Excerpted data:
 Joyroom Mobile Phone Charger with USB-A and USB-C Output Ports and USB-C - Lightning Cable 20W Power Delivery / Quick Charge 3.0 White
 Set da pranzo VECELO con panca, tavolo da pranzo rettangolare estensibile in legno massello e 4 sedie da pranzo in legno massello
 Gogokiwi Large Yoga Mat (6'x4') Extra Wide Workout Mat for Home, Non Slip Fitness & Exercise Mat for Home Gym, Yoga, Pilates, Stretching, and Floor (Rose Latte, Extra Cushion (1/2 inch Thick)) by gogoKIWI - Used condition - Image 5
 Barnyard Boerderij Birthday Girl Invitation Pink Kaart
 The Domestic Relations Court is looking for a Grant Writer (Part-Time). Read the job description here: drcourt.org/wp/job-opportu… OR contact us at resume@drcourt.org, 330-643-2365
* * *
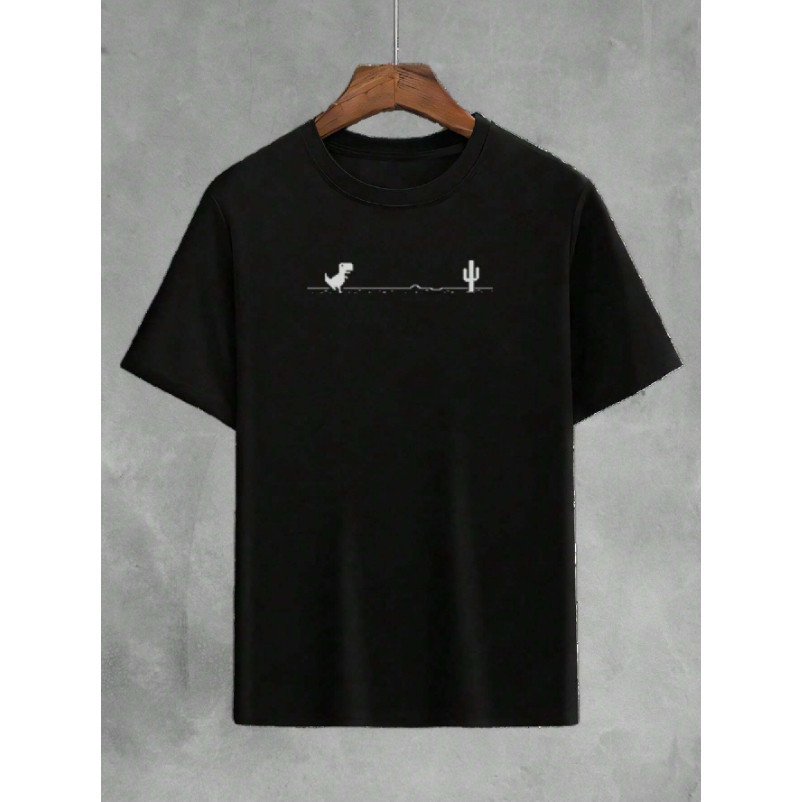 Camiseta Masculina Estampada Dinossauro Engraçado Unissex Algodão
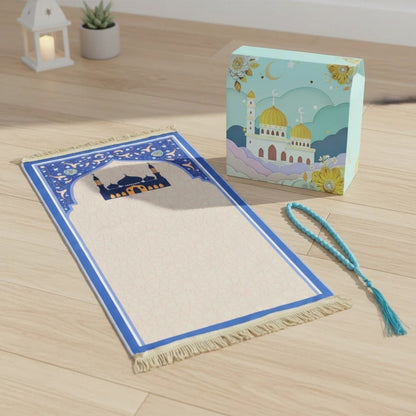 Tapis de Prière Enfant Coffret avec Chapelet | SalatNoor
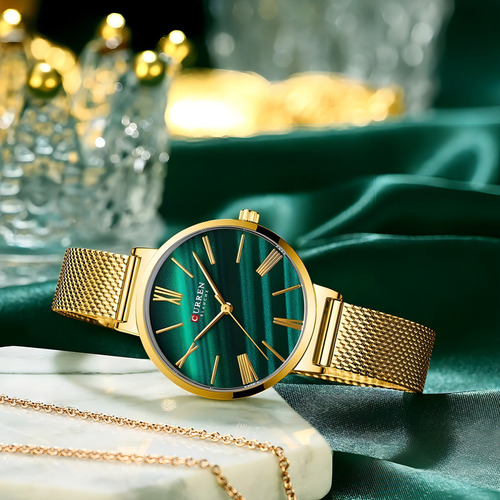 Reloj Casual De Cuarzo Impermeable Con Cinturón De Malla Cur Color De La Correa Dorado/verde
--
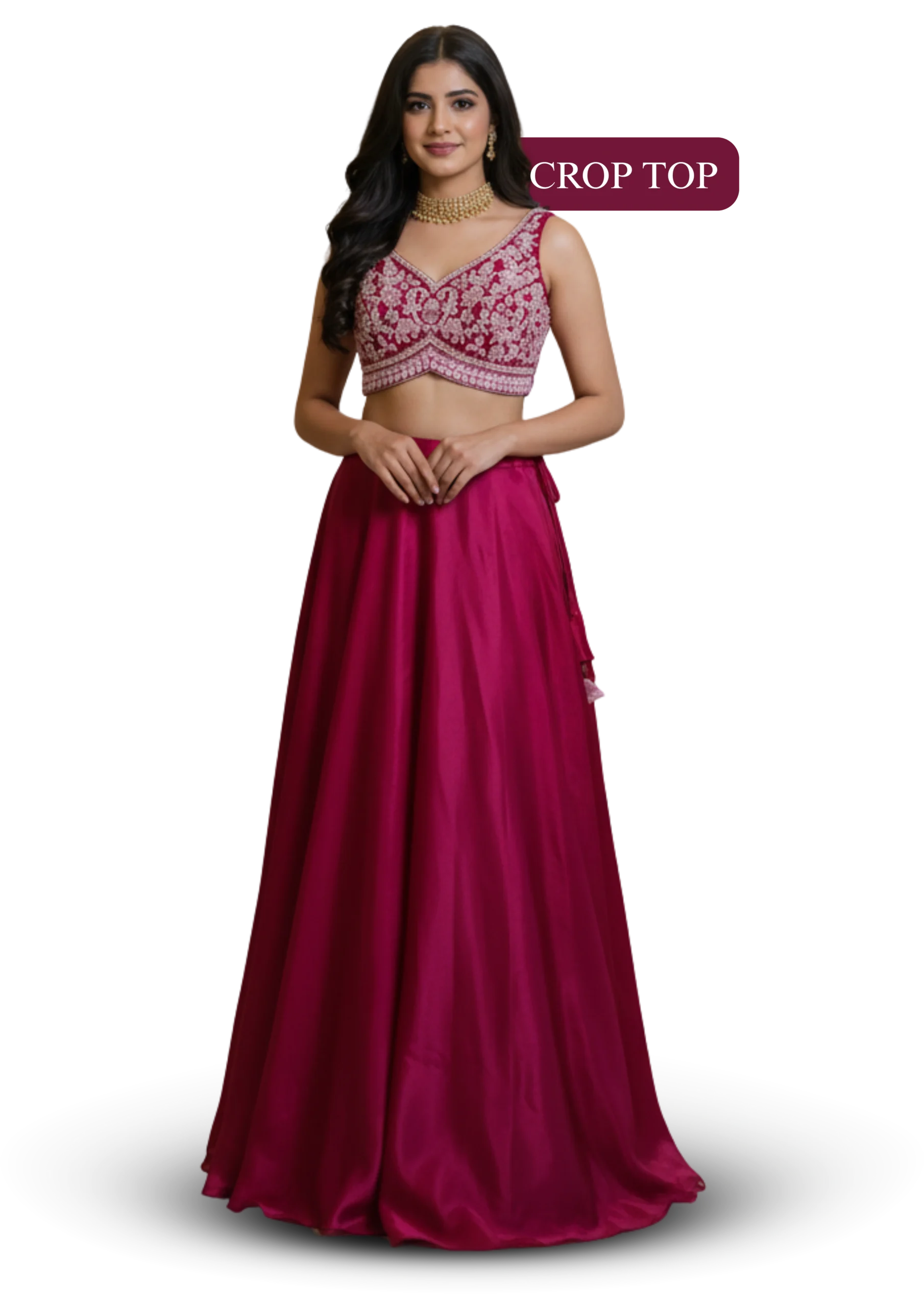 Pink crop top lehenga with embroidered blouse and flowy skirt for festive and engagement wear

Task description: Give again exactly, and only, the lines above starting at the one with "Joyroom Mobile Phone" and ending at the one with "Set da pranzo".

Solution to this task:
 Joyroom Mobile Phone Charger with USB-A and USB-C Output Ports and USB-C - Lightning Cable 20W Power Delivery / Quick Charge 3.0 White
 Set da pranzo VECELO con panca, tavolo da pranzo rettangolare estensibile in legno massello e 4 sedie da pranzo in legno massello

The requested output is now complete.